▶ [Your assignment] When you reach the line containing "Ashbourne News Telegraph Thursday" in the entries below, begin reproducing lines exactly, and stop once the line containing "Kookosmadrats 60x120 cm" is done.

▶ [Source data]
[Start of section]

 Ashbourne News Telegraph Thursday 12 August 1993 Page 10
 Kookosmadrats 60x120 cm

[End of section]
[Start of section]

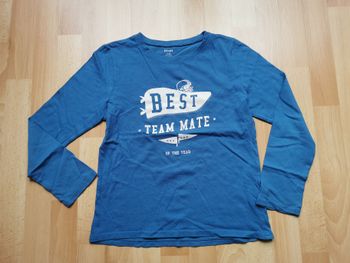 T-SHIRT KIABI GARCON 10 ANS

[End of section]

▶ [Completed exercise]
 Ashbourne News Telegraph Thursday 12 August 1993 Page 10
 Kookosmadrats 60x120 cm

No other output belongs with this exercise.